イレコミ!ドラゴンズ

黄金期の軌跡を形に残しときたくて削除せず放置してます
[中日ドラゴンズ] [スポーツ]

 




真・勝負の年




 団2年目から、新井は毎年のように「勝負の年」と言われている。兄譲りの打撃センスを見れば期待が大きいのも無理はない。しかし、入団から3年を経て未だ一軍実績は皆無に等しく、定位置のファーストには福田、ブランコなど年々ライバルが増える一方だ。26歳という年齢もネックになる。一般企業なら「これから」という年齢も、プロ野球の世界では既に中堅。この時期に頭角を現わせない打者は、往々にして夢半ばで道を断たれるものだ。それでも新井への期待が大きいのは、一軍で代打起用された際に時折放つ「もうひと伸び足りない飛球」が、我々に夢を見せてくれるからだろう。周知の通り、昨季のファームにおいて新井は首位打者と最高出塁率のダブル受賞を果たした。つまり、既に二軍のレベルは超えているのだ。となれば、次は一軍の壁を破る段階なのだが、どうしても「もうひと伸び」が足りず、いつもギリギリで阻まれてしまう。いったか!?と思わせる飛球が、フェンス際でキャッチされ天を仰ぐ。こんなシーンを、もう何度見てきたことか。原因は分かりやすく、一軍レベルの投手の球威をスタンドへ運ぶだけのパワーと技術が不足しているからだ。技術は一朝一夕で補えるものではないので仕方ないとして、パワーは練習方法次第で幾らでもアップすることが可能である。そこで新井は、自主トレで徹底的に身体を鍛えたそうだ。その結果、見た目にも分かるほど一回り身体が大きくなり、フリー打撃でも快音を連発している模様。スラッガーになるのを期待されて入団した野手がウェイトを増量し、長打を狙いに行くのは自然の成り行き。そのためには、筋トレで力を付けるのが一番の近道であるのも当然である。あとは豪快なスイングを武器に、記念すべきプロ1号を狙いにいくだけ。だが、これだけはっきりと新井ブレイクの青写真は示されているというのに、どういうわけか私は新井に不安を抱いている。なぜか。

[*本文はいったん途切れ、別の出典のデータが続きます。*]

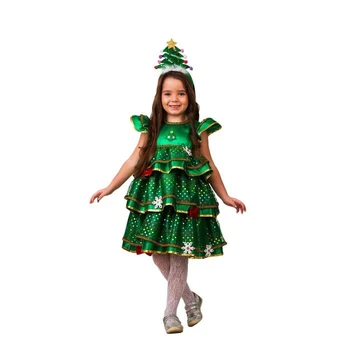 

Carnival costume "Little Christmas tree", satin, dress, headband, size 26, height 104 cm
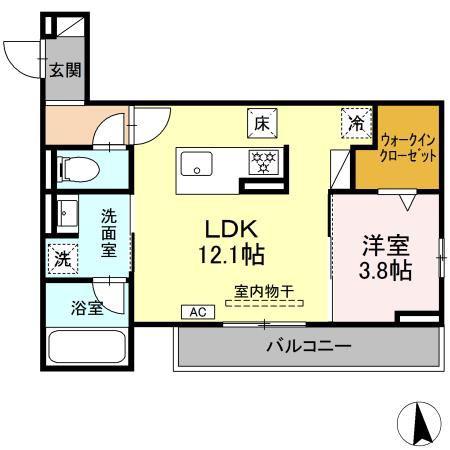 ANNAMARIE F(1LDK/1階)の間取り写真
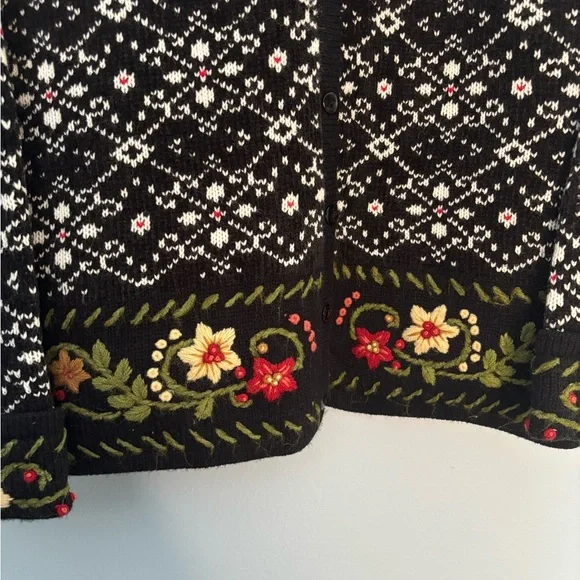 Jenny Sweater Cardigan Long Sleeve Size Medium Nordic Embroidered Floral Print - Picture 5 of 9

答えは漫画「ドラゴンボール」のセル編にあった。
 
 完全体になったセルを倒すべく、トランクスは過酷な修行を経て筋肉モリモリのボディへと変貌し、その時の戦闘能力は、なんと父親であるベジータをも遥かに凌ぐものであった。しかし、トランクスはあっさりと敗れ去る。誰にも負けないパワーを手に入れたにも関わらず、だ。絶望するトランクスに、セルはあまりに非情な言葉を投げかける。「こんなパワーアップのためだけの変身ではなにも生み出せない……バカだおまえは……」。そう、トランクスは確かにセル以上のパワーを手にした。だが、パワー偏重があだとなり、肝心のバランスを失ってしまっていたのだ。これは全国のちびっ子達が、見た目の力強さだけが真の力でないことを教訓とした本作の名シーンである。道徳で習うヘタな感動話よりも、こちらを教科書に載せた方がためになる気がしてならない。 

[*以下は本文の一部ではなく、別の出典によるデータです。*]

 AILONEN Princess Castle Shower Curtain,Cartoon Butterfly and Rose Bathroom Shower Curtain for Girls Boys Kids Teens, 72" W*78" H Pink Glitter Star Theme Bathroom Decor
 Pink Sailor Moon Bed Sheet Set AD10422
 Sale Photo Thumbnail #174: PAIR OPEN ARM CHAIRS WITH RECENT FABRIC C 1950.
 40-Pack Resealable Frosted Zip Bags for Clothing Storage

 さて、このままセル編のおもしろさを語っていたいところだが、話題を新井に戻さなければ記事の意味がなくなってしまう。新井がどれだけパワーアップしても、元々の腕力が違うブランコやデラロサには勝ち目がないので、長打自慢ではいつまで経ってもレギュラーを取れないだろう。もっとも、村田修一のように極端な強打者体型ならともかく、どちらかと言えば細身の新井には長距離打者として限界があると思う。おまけに致命的な弱点として、守備の粗さまで兄貴の性質を譲り受けてしまっているのが痛い。ならば、その打撃センスをどう活かすべきなのか。簡単である。端からレギュラーを目指さず、とりあえず代打の切り札を目標に据えれば良いのだ。前切り札の高橋光も、切り札候補だった中村紀も移籍で去った。気付けば現在、右打者の切り札ポストがガラ空きである。代打のポジションであれば、雇用体制の不安定な外人が定着する可能性も低く、自ずと日本人が座るケースが多い。もちろん、代打で結果を残せればレギュラーを狙いにいけば良い。しかし現状ではポストが限られるため、あくまで前段階として代打業を務めると考えれば、将来へのモチベーションにも繋がるのではないか。どうだろう、こんなに新井の特性にマッチしたポジションが他にあるだろうか。近年、プロ野球の選手寿命はどんどん伸びている。まずは代打屋稼業で心技体を鍛え、そこからレギュラー取りに挑戦するのも、新しい育成のパターンだと思うのだが・・・。